--- WHAT NEEDS TO BE DONE ---
Omit all pictures and transcribe only the lines in the entries below that run from the line with "Kawaii Gothic Cthulhu" through the line with "Photo wallpaper landscape, morning, Vestrahorn".

--- INPUT DATA ---
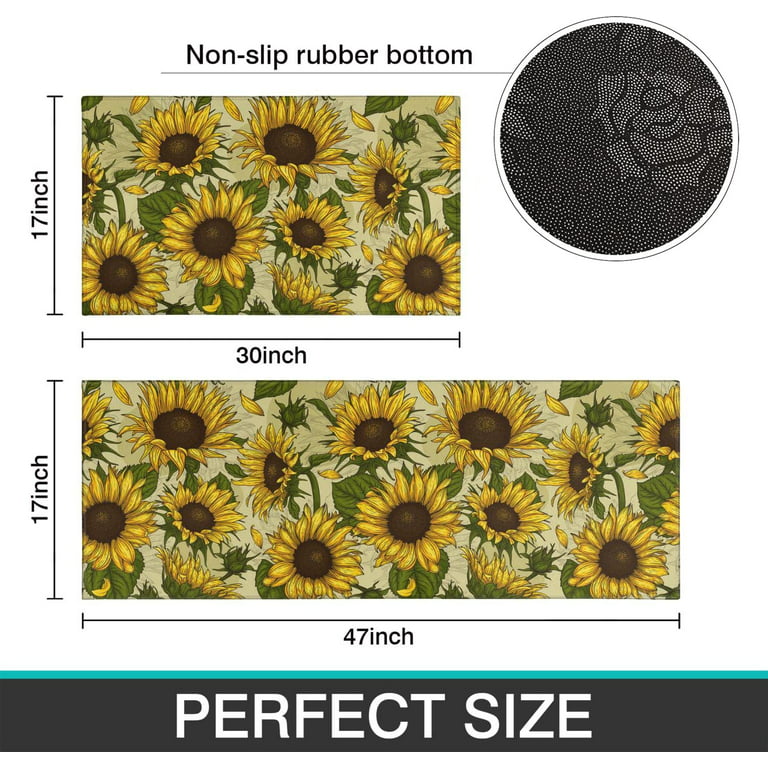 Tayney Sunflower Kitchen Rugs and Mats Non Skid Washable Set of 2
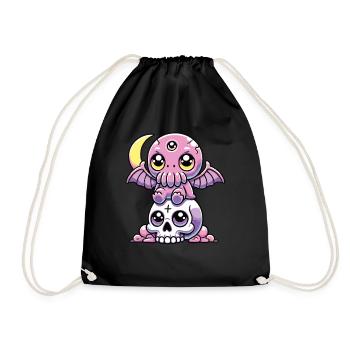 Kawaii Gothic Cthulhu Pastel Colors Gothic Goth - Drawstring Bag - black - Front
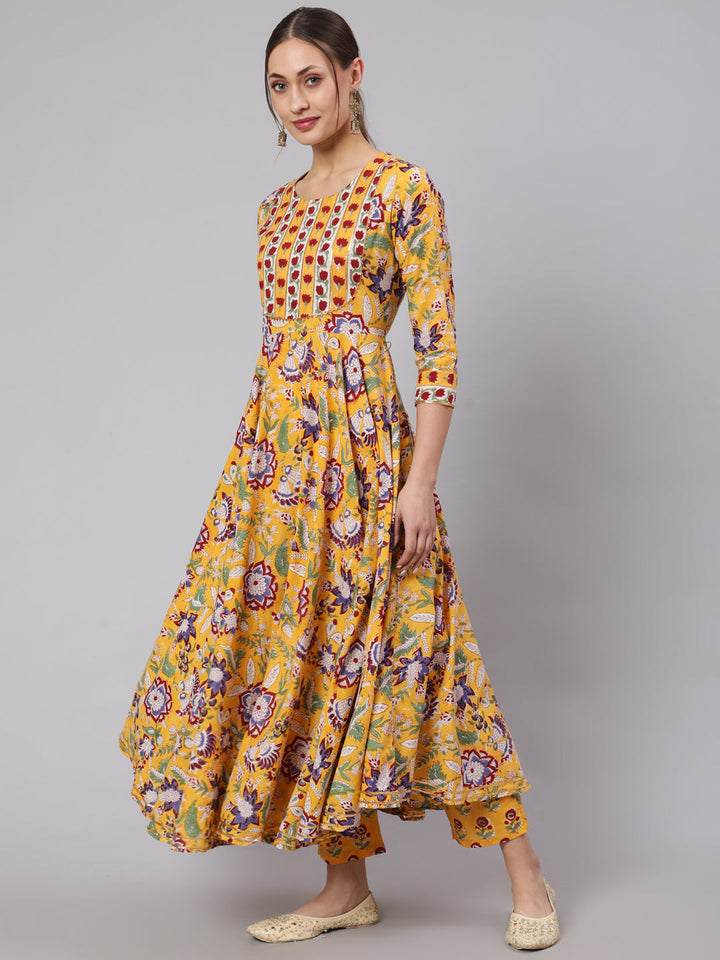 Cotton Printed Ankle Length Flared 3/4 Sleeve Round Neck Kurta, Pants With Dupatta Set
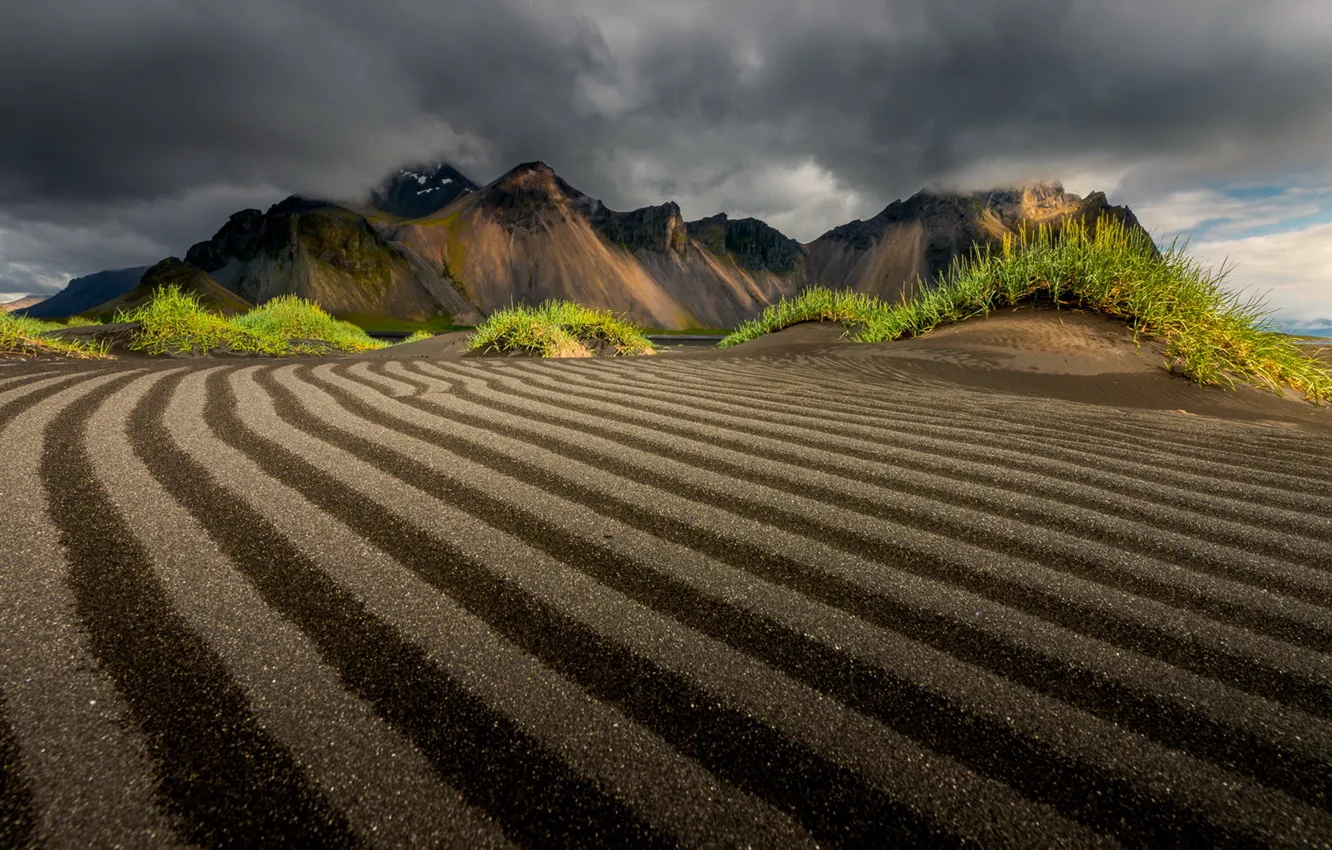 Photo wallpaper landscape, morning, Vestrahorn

* * *

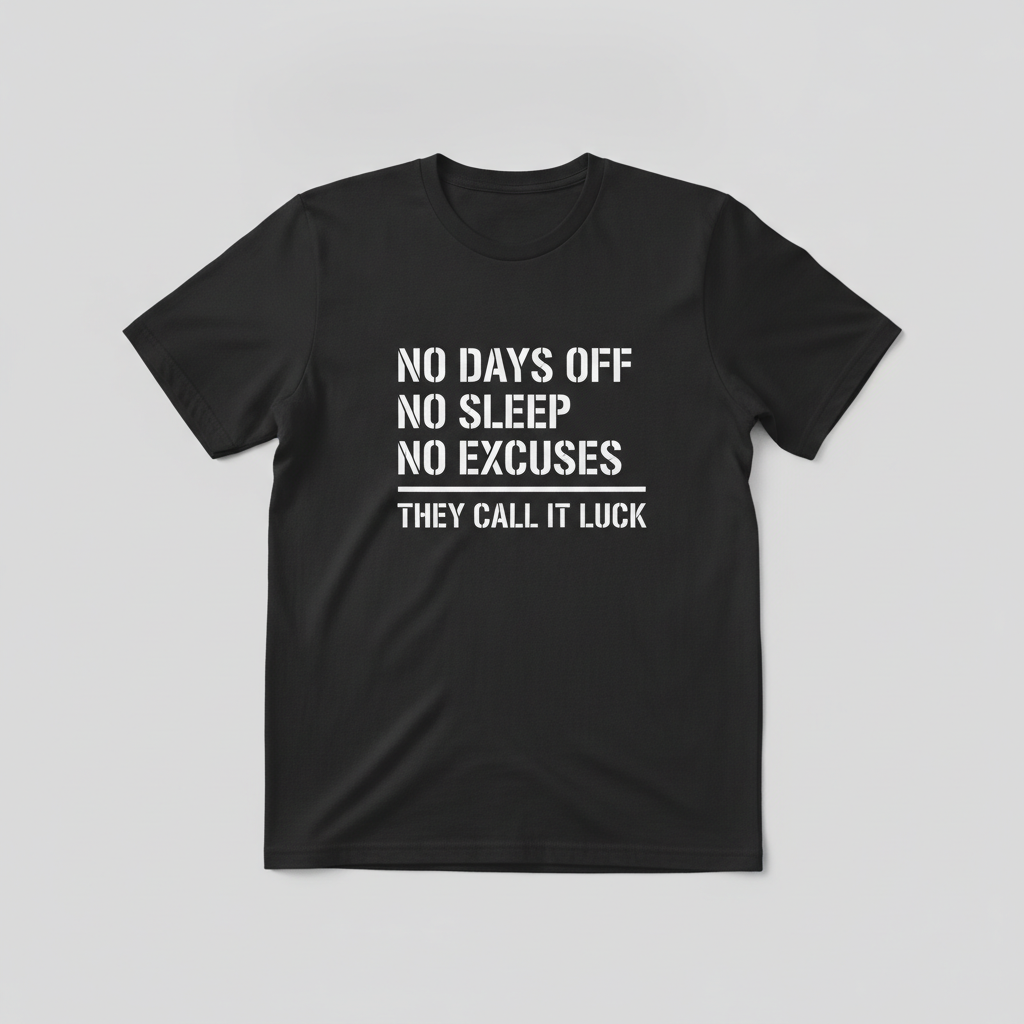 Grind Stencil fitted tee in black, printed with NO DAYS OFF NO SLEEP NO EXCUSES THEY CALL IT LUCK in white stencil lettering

--- ANSWER AREA ---
 Kawaii Gothic Cthulhu Pastel Colors Gothic Goth - Drawstring Bag - black - Front
 Cotton Printed Ankle Length Flared 3/4 Sleeve Round Neck Kurta, Pants With Dupatta Set
 Photo wallpaper landscape, morning, Vestrahorn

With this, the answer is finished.